Si, pues, hemos de estar dispuestos a morir aquí para unirnos con Cristo, es necesario comenzar de nuevo desde la última separación. Como los que se han alejado de la patria, cuando retornan otra vez a la región de donde salie­ron, abandonan primero aquel lugar al que habían llegado en último término, así, puesto que lo último que tuvo lugar al fin de la permanencia en la vida del paraíso fue el ma­trimonio, el presente raciocinio advierte a los que empiezan a liberarse para unirse a Cristo que han de comenzar aban­donando ante todo el matrimonio, en calidad de último pun­to de morada; después han de desligarse de las miserias propias de esta tierra, en que fue establecido el hombre tras el pecado.
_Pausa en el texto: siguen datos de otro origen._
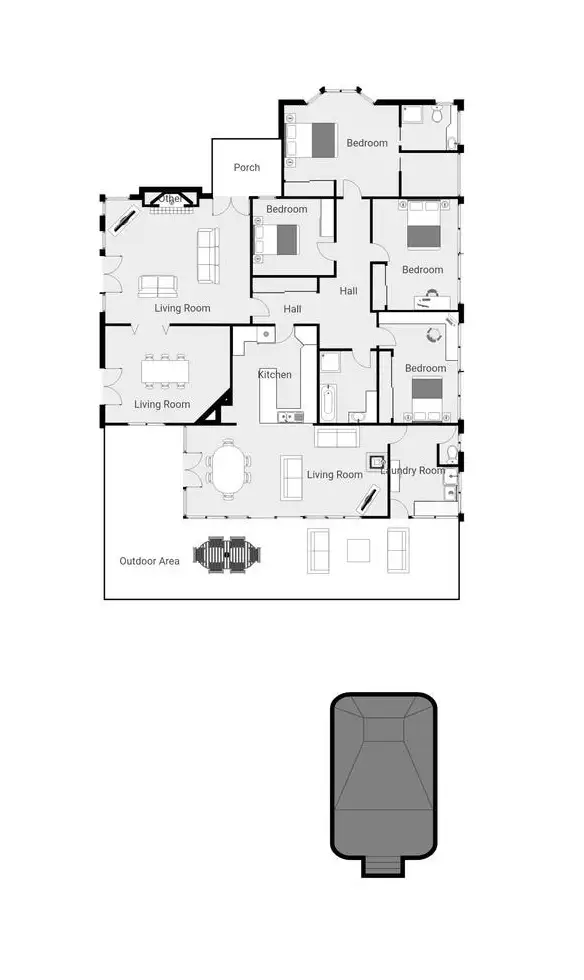 Floorplan of Homely house listing, 916 Irymple Avenue, Irymple VIC 3498
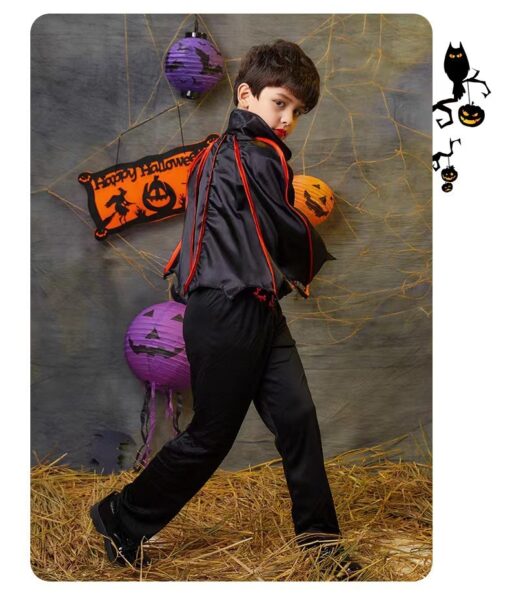 Children's Halloween Witch Clothing Suit - Image 2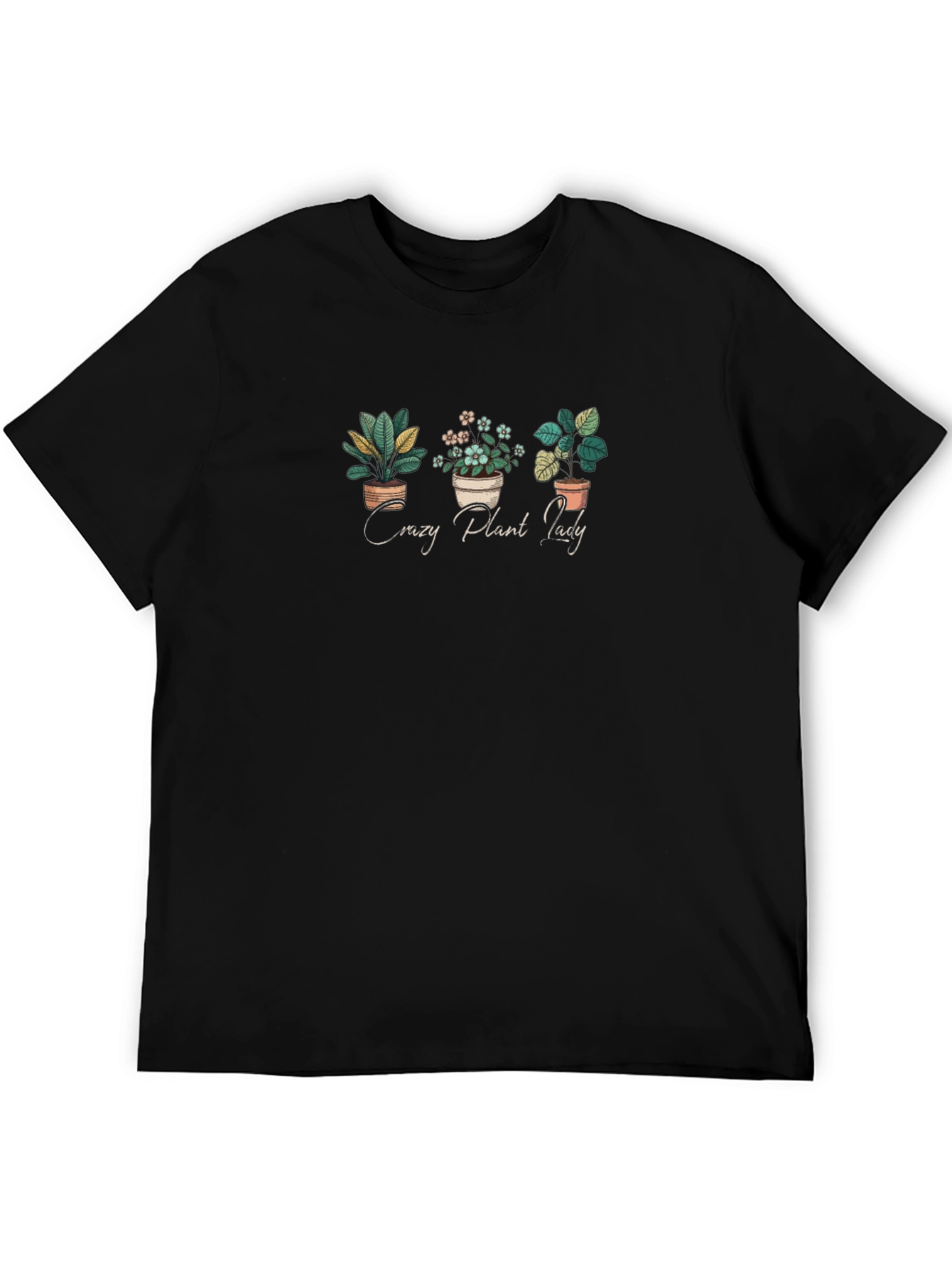Crazy Plant Lady Graphic Tee - Black T-Shirt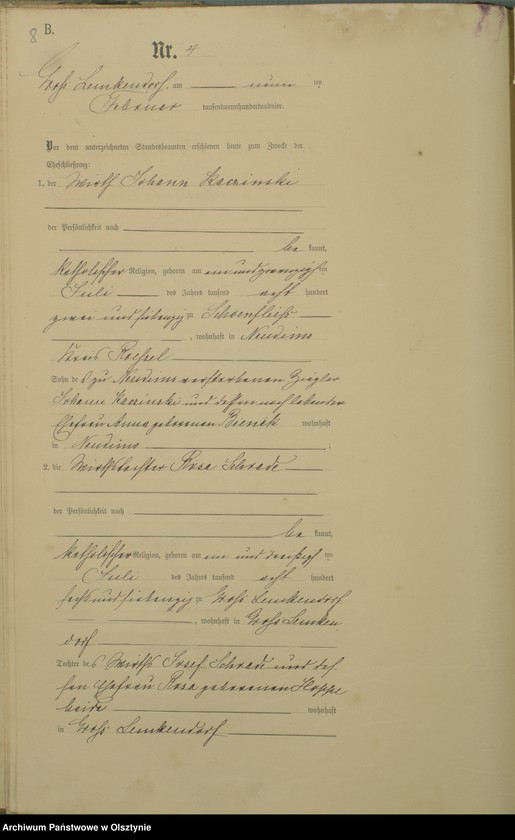 image.from.unit.number "Heiraths-Haupt-Register Nr 1 - 18"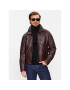 Trussardi Кожено яке 52S00933 Кафяв Regular Fit - Pepit.bg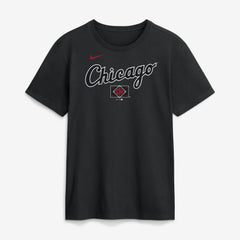 Chicago White Sox Nike City Connect Wordmark T-Shirt - Black - Nike Online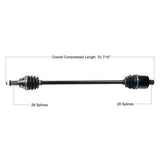 Trakmotive Complete Axle - DRIVEN Canada's Powersports 844084070418POL-7078
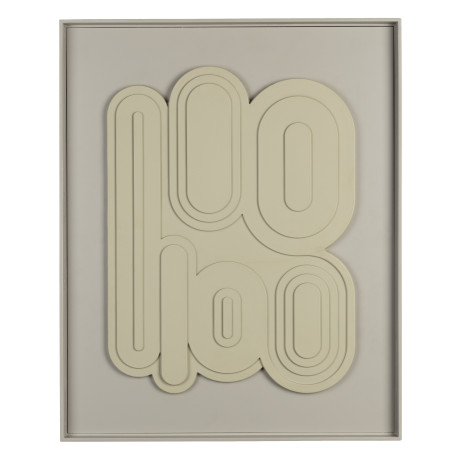 Zuiver Wanddecoratie 'August' 64 x 52cm, kleur Bruin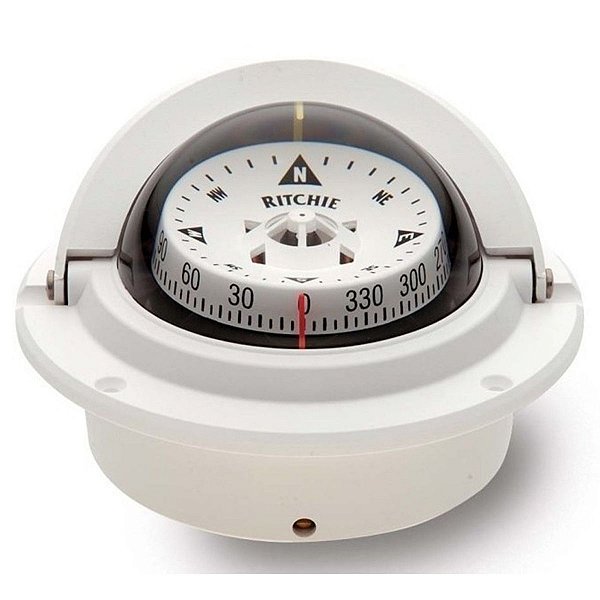 Bússola Ritchie F-83 Náutica Marítima De Embutir 12v Lancha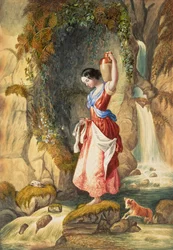 Georgina Hogarth devant St. Nectan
A continuación hemos de despojarnos de las envolturas de la carne y desnudarnos de las pieles de animales, esto es, de la prudencia de la carne; hemos de apartar de nos­otros todas las vergüenzas ocultas, de modo que no vuelvan a esconderse tras la higuera de esta vida amarga, antes bien arrojemos las envolturas de las hojas efímeras de esta vida para ponernos en presencia de Dios nuestro Creador, evitando el engaño que nace del gusto y de la vista y no tomando por consejera a la serpiente venenosa, sino sólo al precepto divino. Este consiste en adherirse al único bien, en despreciar el gusto de lo malo, como quiera que el co­mienzo de este cortejo de calamidades tuvo su origen ahí, en no haber querido ignorar el mal. Por eso fueron adver­tidos nuestros primeros padres de no juntar el conocimiento del mal con el de sus contrarios; sino que debían abstenerse de la ciencia del bien y del mal y gozar del bien puro, sim­ple y sin mezcla de malicia. Con lo que, según pienso, no se significa otra cosa sino el estar siempre junto a Dios y gozar de este incesante y sempiterno deleite, y que no se comunica este goce a las cosas que arrastran hacia lo con­trario. Y si es lícito hablar audazmente, diría que quizá este placer es como si alguno fuera de nuevo arrebatado de este mundo, que se asienta en la maldad, al paraíso, y viese lo que Pablo extasiado vio y oyó, lo que no puede ex­presarse, ni contemplarse, ni manifestarse con lengua humana.